Indigenous leaders from across Canada met with the country’s premiers on Monday to discuss a range of reconciliation priorities at an annual meeting near Victoria.
Métis National Council president Cassidy Caron said the dialogue was “extremely valuable,” encompassing topics such as the Indian Act, the UN Declaration on the Rights of Indigenous Peoples, land claims, child welfare, and unmarked burial sites at former residential school sites.
“We spent the morning getting to know one another, getting to build the relationships,” she told reporters after the meeting.
“There are solutions we can all develop together through talking about our challenges, talking about best practices — what’s working and what’s not working in each of our jurisdictions.”
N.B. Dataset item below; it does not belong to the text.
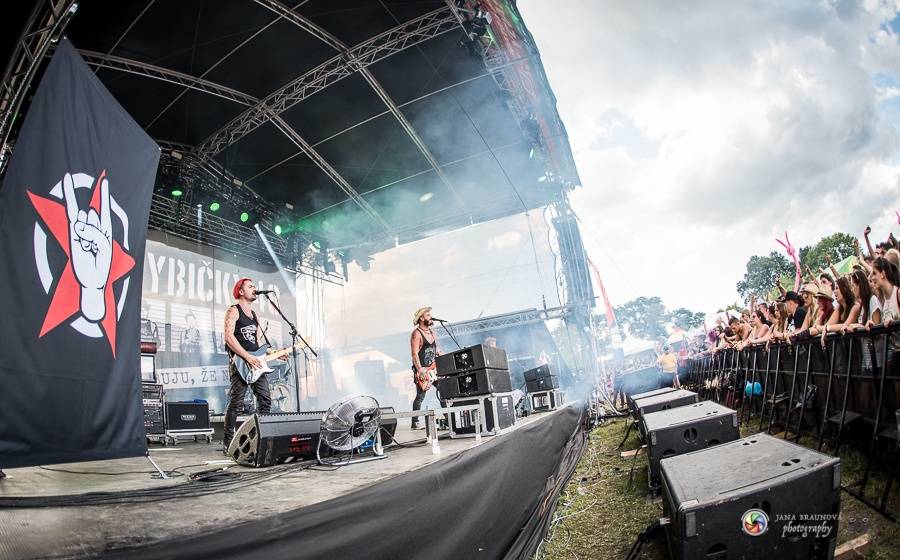 Festival Hrady CZ přilákal v sobotu na Švihov davy lidí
The meeting — the first of its kind to be held on reserve land in Canada — was hosted by the Songhees and Esquimalt Nations. Representatives from the Native Women’s Association of Canada (NWAC), the B.C. Assembly of First Nations and the Congress of Aboriginal Peoples also attended.
Lisa Webber of NWAC urged the premiers to make a “continued commitment” to including Indigenous peoples at decision-making tables, particularly as they discuss a nationwide crisis in health care.
“If there’s a problem with the conventional model, how about looking at revamping that model — completely turning it on its head — and saying let’s include Indigenous people in those solutions?” said Webber.
Several Calls for Justice in the 2019 National Inquiry into Missing and Murdered Indigenous Women and Girls, she added, deal with the health and wellness of Indigenous peoples.
British Columbia Premier John Horgan said it’s “high time” the federal and provincial governments work with Indigenous peoples to heal intergenerational trauma and turn a “black page” in Canada’s history books.
In B.C., he said work is underway to implement the 89-point action plan for bringing the province into compliance with its Declaration on the Rights of Indigenous Peoples Act. Meanwhile, Indigenous child welfare reform is taking place nationwide.
“There’s a move towards children being kept in community, being kept in their cultures so that the trauma of family disruption and disunity does not also lead to a loss of culture, a loss of person, a loss of who you are and where you fit in the cosmos,” he said.
Horgan also touted the value of having candid, face-to-face meetings with Indigenous leaders.
The meeting comes a little more than a week before Pope Francis is scheduled to visit Canada on a reconciliation pilgrimage. He is expected to offer an in-person apology for the role of Catholic priests and nuns in Canada’s harrowing residential school system.
The first ministers’ meeting is slated to continue Tuesday, with health-care as a major focus.